During its long history, the Rock of Gibraltar has changed rulers many times, with Spanish, British and Moorish leaders all taking power. Regardless of all these changes, it has been consistently under British control since the Treaty of Utrecht, made in 1713. Before the British came to power, Spanish was widely spoken in Gibraltar. In the period that followed, most of the residents left the country, so the language was spoken by a significantly smaller section of the population. In 1753 there were only 185 Spanish there, while in 1777 only 134 residents were Spanish. Two centuries later, in 1985, the border with Spain was finally opened, allowing people to easily travel in and out of Spain, which is one the main factors for the huge presence of Andalusian Spanish in Gibraltar nowadays.
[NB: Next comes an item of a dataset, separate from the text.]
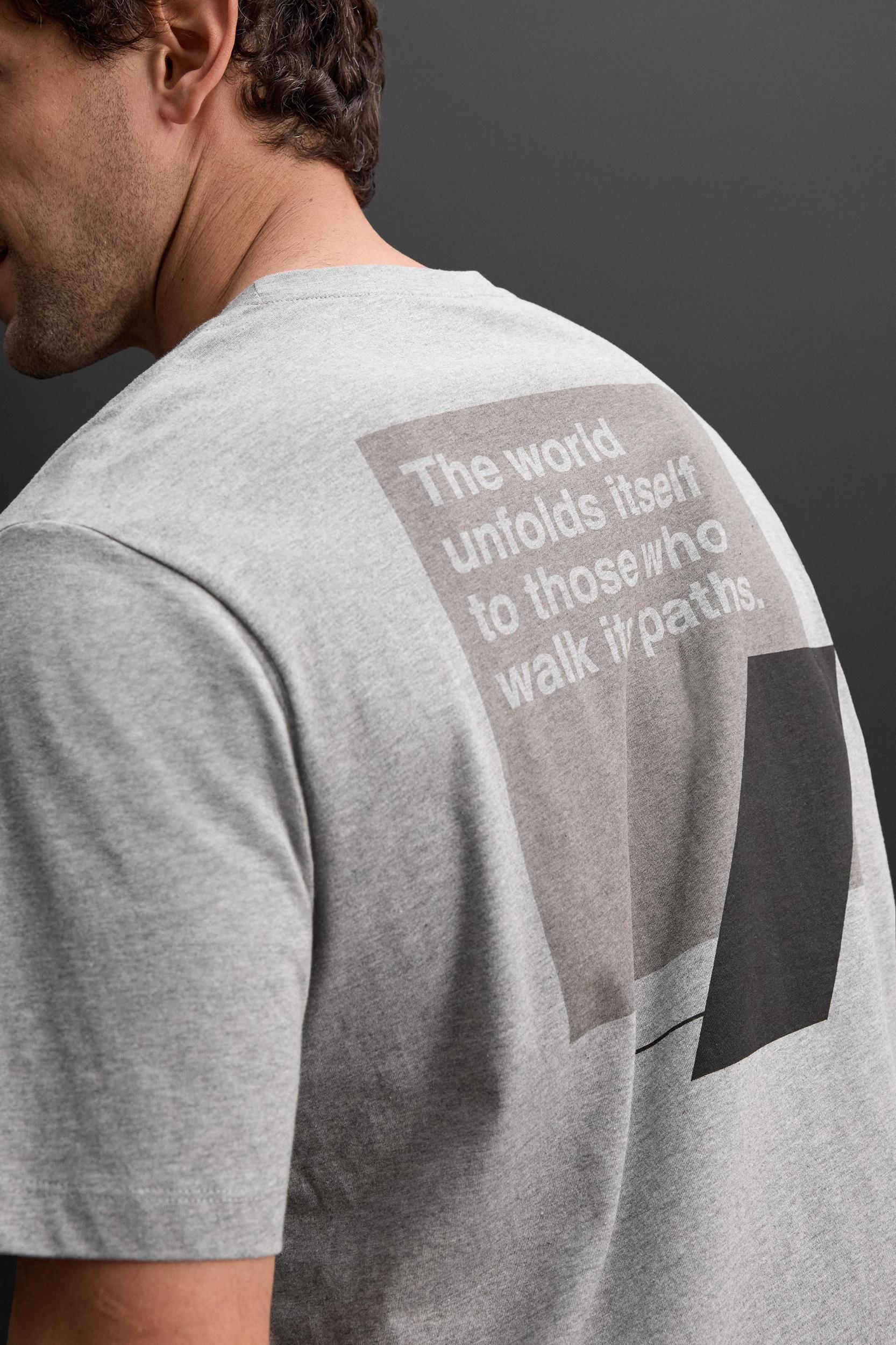 GRAPHIC PRINT T-SHIRT Product Image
According to the 2001 census, there were 326 people of Spanish nationality in Gibraltar, and a large number of frontier workers who worked on the island.
As Gibraltar is geographically very close to Morocco and Algeria, which are the Arabic-speaking North African countries, Maghrebi Arabic language is spoken by the Moroccan and other North African minorities in this country. In 2001 census, there were 961 Moroccans in Gibraltar.
When it comes to other languages on the Rock, Hindi and Sindhi are also spoken, mostly by the Indian community of Gibraltar. Maltese is a language that was widely used in Gibraltar up until the late 19th century, and still spoken by some families of Maltese origin today. Genoese was spoken in Catalan Bay well into the 19th century, rapidly diminishing in the early decades of the 20th century. Hebrew is also spoken by the Jewish community in this country.
Visitors in Gibraltar
Most of the visitors to Gibraltar will hear several languages being spoken by the local people while they explore the area. However, it is good to know that the only official language in this country is English. This language is used for all business of the government, and for commercial purposes. It is also the official language used for teaching in schools. As mentioned earlier, the country’s Mediterranean position and proximity to Spain, Portugal and North Africa means that it is still strongly influenced by other languages and cultures, so Gibraltarian English might sound a little different from UK or US English.
Gibraltar has a multi-cultural society and many of the citizens are able to communicate in another language, which is usually Spanish, due to the country's location next to the Spanish region of Andalusia. Those who are born and raised in Gibraltar can generally speak Llanito as well. It is known as a dialect which is a mixture of English and Andalusian Spanish, but which reflects all the influences of other European languages as well. However, it is not necessary to be familiar with any particular language other than English, when visiting Gibraltar.
This country is not known for attracting a large number of expats. As a result of this, the languages that are used on daily basis include Arabic, Hebrew and Maltese, with Spanish which is more frequently used. In recent years some Italian and Russian voices can be also heard on the street, while Portuguese is also becoming more and more common. An English speaking expat would have no trouble at all in this country, without learning any other language. However, those who spend some more time in Gibraltar quickly start to learn some Spanish, even though Spanish people that work in the country are generally fluent in English language. For those whose native language is something other than English, it is recommended to learn enough English to communicate on a day to day level.
For any expats that don't speak English, language classes can be easily found in this country. Expats who move to Gibraltar for work and are in need for language training should have some courses organized by their employer. It is also very easy to find a private tutor that can help with English.
In Gibraltar there are several language schools that offer different types of classes in different languages. Classes can be organized in groups or individually, and there are classes for small children as well as for adults. There are always numerous occasions to learn Spanish language while in Gibraltar and its proximity to Spain enables people to practice their skills even more.
Most of the schools can be found on the internet.